Un día antes, el martes, durante unas tres horas de la mañana, mientras caminaba en silencio por la larga fila entre el parqueo del Teatro Nacional y el Memorial José Martí, pude percatarme de muchas cosas que se suman a lo que siento por la desaparición física de Fidel.
En mi imaginario, veía al Comandante con una gran expresión de alegría cuando se percataba de una anciana que intentaba llegar a la Plaza apoyada en una muleta y era rápidamente interceptada por dos jóvenes, una mujer y un hombre de la Cruz Roja Cubana, que tomaron a la mujer por cada brazo y la ayudaron a llegar a la sala donde se le rendía homenaje al líder.

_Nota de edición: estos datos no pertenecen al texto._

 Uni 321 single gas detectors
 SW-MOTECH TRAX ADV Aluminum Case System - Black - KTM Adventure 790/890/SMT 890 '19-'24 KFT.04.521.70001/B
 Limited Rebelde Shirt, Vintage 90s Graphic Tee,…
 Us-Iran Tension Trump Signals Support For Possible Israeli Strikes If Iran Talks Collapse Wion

Confieso que mi mente seguía hilvanando pensamientos, en medio de un silencio solo interrumpido por alguna voz –bajita, bien bajita– que orientaba: caminemos por favor.

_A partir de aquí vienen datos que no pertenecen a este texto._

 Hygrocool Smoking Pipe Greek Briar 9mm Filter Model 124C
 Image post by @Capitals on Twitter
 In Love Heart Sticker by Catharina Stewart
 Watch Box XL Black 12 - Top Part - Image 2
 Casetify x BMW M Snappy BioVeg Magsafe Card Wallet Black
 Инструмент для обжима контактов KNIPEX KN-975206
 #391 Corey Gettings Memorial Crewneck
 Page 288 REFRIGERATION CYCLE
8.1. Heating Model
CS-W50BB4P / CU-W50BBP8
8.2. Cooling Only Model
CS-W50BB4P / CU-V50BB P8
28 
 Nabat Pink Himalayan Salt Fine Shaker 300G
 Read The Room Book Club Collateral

En esos minutos que parecieron horas de reflexión, un hombre discapacitado, en una silla de ruedas, también era conducido por los amables representantes de la Cruz Roja.
Así, fue pasando el tiempo sin poder evitar alguna que otra lágrima salida de mis ojos sin que yo me diera cuenta. De pronto, otro impacto de amor me traía presente al Fidel que amaba a los niños: los menores de esa gran obra de la cultura y el humanismo. La Colmenita, salían del recinto de homenaje y lo hacían tomados de las manos de madres, padres y maestros, muchos de ellos también con sus pupilas húmedas.

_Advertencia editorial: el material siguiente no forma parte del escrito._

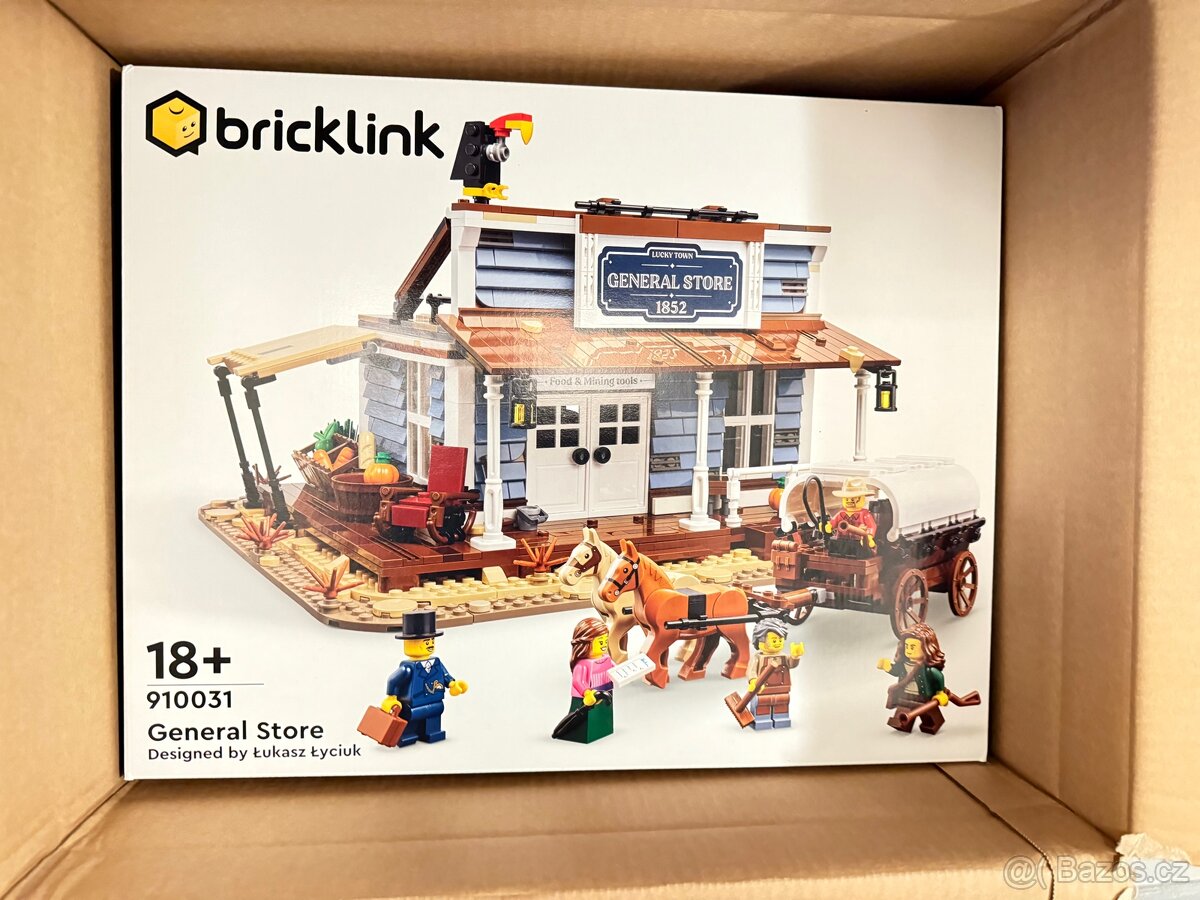 Lego set Bricklink 910031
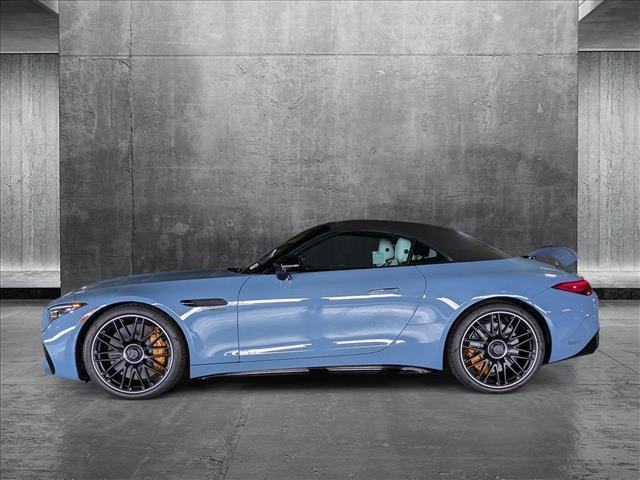 new 2025 Mercedes-Benz AMG SL 63 car, priced at $228,705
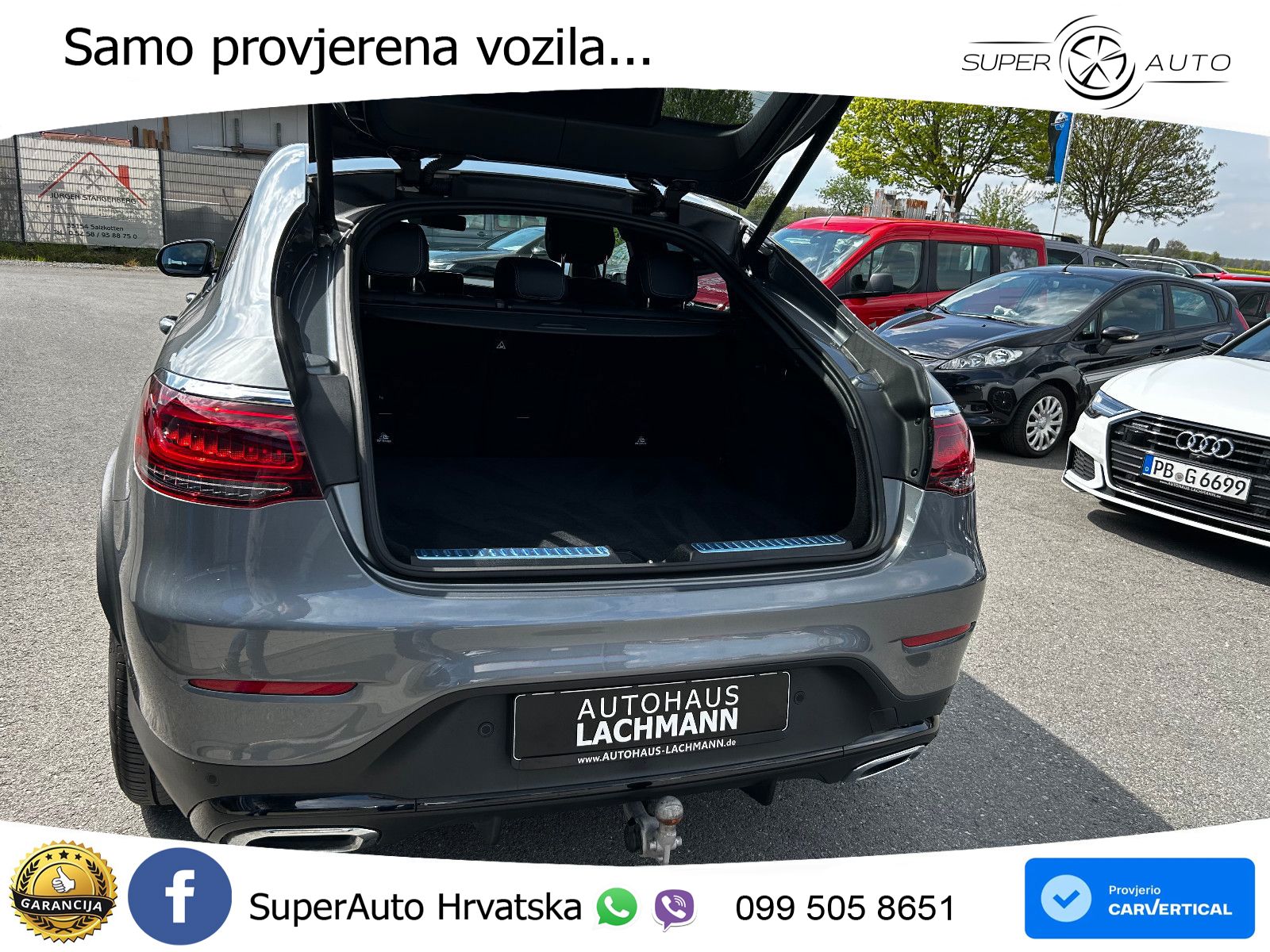 Mercedes GLC Coupe 300 (258 KS) 4MATIC G-TRONIC AMG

Nunca había visto una Plaza tan solemne, tan impactante. Pero aún más, en la Plaza estaba una gran familia, la de Fidel Castro Ruz. Todas y todos lo reconocen. Fidel somos todos, me decía la niña Raiza que trataba de protegerse del sol caminando sigilosamente detrás de mí. Su mamá, con el pomo de agua de la menor, apostillaba: todos somos la familia de Fidel.
Ya alcanzada la última etapa de la larga fila, en la inclinada pendiente desde la calle hasta el sitial histórico, otros hechos se agolparon en mi mente. Un agente de la policía, sin arma pero con mucha alma, advertía tener cuidado con un escalón que pudiera ser contratiempo lo mismo para niños que para no tan niños que subíamos con la mirada fija en lo alto y el corazón entregado a Fidel.
¡Qué clase de autoridad! ¡Qué linda policía! Es una verdad que solo se entiende cuando sabemos que debajo de los uniformes de esos combatientes, está el hombre, la mujer, el fidelista, el revolucionario, orgulloso ahora de poder hacer brotar toda su sensibilidad humana y ponerla al servicio de quienes, como él, acudían a rendirle homenaje al Comandante.
Todo transcurría en un silencio cómplice al que se agregaba la majestuosidad de Martí que, desde lo alto, observaba al pueblo acudir al encuentro –no el último– con su Comandante.
La bandera de las tres franjas azules y dos blancas, el triángulo rojo y la estrella de plata, ahora a media asta, forma parte también de esa familia que ha querido dar la bienvenida a la inmortalidad al más grande de todos los cubanos.
Ya frente a la imagen del guerrillero, que mochila al hombro emprende su nuevo viaje, esta vez a la eternidad, la emoción fue más difícil de controlar. Sin embargo, la contuve cuando encontré allí, triste igual que todos, a alguien con quien pude hablar muchas veces y de quien siempre he sabido que ha sido uno de los hombres más cercanos y fieles a Fidel; un integrante de esa gran familia de la que nos consideramos todos, el doctor José M. Miyar Barruecos, colaborador del Comandante por siempre, hombre sencillo, humano, testigo de muchas de las obras levantadas por el líder de la Revolución.
Ya fuera del Memorial y secos mis ojos, me vino a la memoria un hecho que marcó para mi vida una experiencia extraordinaria. Este mismo año, junto a 60 jóvenes, estudiantes de periodismo de todo el país, visitamos Birán, la casa de Fidel, de Raúl, de Mongo. La casa de Lina, su mamá y Ángel, su padre.
Allí, a través del recuento histórico conocimos la familia de Fidel. Sin embargo, en la Plaza de la Revolución, en la mañana de despedida por las calles de La Habana, conocí la gran familia, la de todo un pueblo que ha querido y seguirá queriendo a Fidel.
Santiago de Cuba, ya Fidel partió de la capital a la que llegó victorioso un 8 de enero de 1959, junto a sus barbudos que regresaban del combate en la Sierra Maestra, y viaja por todo el país para llegar a su Santiago y desde allí, mochila al hombro, mirar la Sierra Maestra que lo albergó y protegió durante la guerra.